Return all of the material that follows, keeping each line exactly as it is.

Material provided Start Marker

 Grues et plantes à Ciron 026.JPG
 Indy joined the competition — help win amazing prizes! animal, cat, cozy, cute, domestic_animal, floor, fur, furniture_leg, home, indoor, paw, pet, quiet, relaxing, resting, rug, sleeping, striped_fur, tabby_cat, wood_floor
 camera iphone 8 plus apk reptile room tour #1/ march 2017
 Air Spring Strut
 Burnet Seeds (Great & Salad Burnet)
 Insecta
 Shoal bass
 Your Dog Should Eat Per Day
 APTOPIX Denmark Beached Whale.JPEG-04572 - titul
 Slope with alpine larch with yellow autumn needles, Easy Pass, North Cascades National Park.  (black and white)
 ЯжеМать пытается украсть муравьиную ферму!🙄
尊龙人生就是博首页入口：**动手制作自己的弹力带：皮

Material provided End Marker

● Task response:
 Grues et plantes à Ciron 026.JPG
 Indy joined the competition — help win amazing prizes! animal, cat, cozy, cute, domestic_animal, floor, fur, furniture_leg, home, indoor, paw, pet, quiet, relaxing, resting, rug, sleeping, striped_fur, tabby_cat, wood_floor
 camera iphone 8 plus apk reptile room tour #1/ march 2017
 Air Spring Strut
 Burnet Seeds (Great & Salad Burnet)
 Insecta
 Shoal bass
 Your Dog Should Eat Per Day
 APTOPIX Denmark Beached Whale.JPEG-04572 - titul
 Slope with alpine larch with yellow autumn needles, Easy Pass, North Cascades National Park.  (black and white)
 ЯжеМать пытается украсть муравьиную ферму!🙄
尊龙人生就是博首页入口：**动手制作自己的弹力带：皮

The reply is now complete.